PROBLEM TO WORK ON:
Copy each line of the records below that has "Fishing" in it.

※ ※ ※

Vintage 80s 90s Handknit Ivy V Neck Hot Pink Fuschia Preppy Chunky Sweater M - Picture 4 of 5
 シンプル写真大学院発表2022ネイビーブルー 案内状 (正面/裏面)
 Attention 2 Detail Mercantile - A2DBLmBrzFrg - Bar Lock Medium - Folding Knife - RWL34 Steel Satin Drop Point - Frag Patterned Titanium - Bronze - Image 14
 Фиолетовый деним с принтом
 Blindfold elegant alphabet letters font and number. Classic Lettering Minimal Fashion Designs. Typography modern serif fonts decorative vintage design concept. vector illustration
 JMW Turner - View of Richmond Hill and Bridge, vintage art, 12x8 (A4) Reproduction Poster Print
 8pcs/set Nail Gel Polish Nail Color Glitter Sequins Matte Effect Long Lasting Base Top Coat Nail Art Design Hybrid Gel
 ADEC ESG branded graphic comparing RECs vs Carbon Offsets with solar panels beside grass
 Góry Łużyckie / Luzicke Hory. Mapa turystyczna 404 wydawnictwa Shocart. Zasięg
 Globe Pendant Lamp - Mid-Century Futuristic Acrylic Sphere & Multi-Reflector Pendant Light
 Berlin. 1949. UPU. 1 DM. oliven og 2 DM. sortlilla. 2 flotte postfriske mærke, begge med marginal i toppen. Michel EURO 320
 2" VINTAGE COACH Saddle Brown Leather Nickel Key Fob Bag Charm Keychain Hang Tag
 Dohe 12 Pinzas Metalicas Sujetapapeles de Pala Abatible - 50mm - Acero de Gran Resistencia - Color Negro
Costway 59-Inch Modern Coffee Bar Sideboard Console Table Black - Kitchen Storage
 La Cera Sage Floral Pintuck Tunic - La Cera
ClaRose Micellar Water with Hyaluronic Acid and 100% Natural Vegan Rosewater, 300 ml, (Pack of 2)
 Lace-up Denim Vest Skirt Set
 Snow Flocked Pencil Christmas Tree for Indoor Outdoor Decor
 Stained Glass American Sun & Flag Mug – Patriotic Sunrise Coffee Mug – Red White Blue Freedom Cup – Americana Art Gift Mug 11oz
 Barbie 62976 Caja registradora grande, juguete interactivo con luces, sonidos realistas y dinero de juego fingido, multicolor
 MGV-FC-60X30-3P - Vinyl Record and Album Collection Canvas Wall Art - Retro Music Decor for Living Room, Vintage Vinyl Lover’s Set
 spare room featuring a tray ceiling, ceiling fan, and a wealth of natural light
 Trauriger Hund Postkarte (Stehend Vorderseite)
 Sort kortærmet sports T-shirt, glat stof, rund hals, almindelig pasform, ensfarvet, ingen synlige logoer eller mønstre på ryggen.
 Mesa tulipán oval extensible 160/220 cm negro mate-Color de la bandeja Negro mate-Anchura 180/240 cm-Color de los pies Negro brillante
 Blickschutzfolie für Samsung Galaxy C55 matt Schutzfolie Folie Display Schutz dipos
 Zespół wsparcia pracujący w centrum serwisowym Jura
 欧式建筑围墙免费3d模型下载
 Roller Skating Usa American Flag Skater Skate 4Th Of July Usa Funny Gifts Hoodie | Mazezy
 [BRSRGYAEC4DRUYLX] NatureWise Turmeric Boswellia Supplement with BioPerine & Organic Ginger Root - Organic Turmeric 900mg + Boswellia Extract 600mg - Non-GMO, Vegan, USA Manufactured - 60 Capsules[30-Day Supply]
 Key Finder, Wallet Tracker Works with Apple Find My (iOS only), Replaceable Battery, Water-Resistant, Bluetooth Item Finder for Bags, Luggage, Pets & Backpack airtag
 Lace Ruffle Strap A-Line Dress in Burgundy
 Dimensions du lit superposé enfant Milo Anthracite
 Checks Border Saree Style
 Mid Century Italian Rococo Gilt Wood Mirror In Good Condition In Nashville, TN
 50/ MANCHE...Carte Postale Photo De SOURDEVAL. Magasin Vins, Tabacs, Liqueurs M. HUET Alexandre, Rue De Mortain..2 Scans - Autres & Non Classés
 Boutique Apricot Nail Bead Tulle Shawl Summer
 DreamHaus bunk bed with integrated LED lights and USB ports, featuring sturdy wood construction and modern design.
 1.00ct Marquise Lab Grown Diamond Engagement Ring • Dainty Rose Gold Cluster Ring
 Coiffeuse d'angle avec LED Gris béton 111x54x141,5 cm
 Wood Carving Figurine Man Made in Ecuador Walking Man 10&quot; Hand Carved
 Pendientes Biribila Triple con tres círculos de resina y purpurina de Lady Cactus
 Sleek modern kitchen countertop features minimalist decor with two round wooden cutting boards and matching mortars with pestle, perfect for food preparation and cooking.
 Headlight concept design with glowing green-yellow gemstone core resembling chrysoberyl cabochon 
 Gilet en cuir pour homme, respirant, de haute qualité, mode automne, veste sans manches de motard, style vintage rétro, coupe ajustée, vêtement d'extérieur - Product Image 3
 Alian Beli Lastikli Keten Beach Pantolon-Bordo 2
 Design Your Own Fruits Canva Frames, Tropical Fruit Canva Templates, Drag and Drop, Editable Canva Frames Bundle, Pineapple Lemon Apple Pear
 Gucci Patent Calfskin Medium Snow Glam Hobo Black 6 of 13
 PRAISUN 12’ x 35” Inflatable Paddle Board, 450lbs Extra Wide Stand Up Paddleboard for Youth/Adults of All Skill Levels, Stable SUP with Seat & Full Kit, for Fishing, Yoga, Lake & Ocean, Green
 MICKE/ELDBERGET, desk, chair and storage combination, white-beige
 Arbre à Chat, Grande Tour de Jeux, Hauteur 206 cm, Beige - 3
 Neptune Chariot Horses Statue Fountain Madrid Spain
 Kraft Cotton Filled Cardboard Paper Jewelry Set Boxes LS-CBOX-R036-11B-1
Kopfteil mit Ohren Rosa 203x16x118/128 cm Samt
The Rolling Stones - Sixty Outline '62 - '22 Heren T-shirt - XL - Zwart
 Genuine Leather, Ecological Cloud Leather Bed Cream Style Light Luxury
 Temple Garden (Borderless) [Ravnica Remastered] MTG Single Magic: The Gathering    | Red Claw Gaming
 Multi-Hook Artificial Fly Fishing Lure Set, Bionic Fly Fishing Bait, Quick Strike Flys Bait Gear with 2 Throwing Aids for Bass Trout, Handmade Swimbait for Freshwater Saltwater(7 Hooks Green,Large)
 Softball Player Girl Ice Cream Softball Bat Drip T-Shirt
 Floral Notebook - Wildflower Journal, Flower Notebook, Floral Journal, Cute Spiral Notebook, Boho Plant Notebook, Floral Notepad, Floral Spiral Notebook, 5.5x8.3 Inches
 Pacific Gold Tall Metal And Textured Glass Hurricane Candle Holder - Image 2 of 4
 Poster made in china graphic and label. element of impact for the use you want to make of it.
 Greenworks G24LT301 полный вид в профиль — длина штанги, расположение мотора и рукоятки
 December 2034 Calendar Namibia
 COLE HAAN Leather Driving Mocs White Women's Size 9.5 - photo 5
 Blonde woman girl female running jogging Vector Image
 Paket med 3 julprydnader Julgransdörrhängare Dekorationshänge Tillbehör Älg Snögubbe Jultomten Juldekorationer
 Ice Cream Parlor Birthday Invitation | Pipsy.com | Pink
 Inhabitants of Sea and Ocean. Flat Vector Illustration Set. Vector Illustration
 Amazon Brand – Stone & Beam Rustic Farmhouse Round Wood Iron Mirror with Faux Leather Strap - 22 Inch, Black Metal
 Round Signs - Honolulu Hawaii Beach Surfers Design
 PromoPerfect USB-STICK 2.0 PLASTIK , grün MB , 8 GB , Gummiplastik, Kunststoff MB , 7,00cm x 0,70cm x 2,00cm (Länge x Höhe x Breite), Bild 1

※ ※ ※

SOLUTION TO THE EXERCISE:
 PRAISUN 12’ x 35” Inflatable Paddle Board, 450lbs Extra Wide Stand Up Paddleboard for Youth/Adults of All Skill Levels, Stable SUP with Seat & Full Kit, for Fishing, Yoga, Lake & Ocean, Green
 Multi-Hook Artificial Fly Fishing Lure Set, Bionic Fly Fishing Bait, Quick Strike Flys Bait Gear with 2 Throwing Aids for Bass Trout, Handmade Swimbait for Freshwater Saltwater(7 Hooks Green,Large)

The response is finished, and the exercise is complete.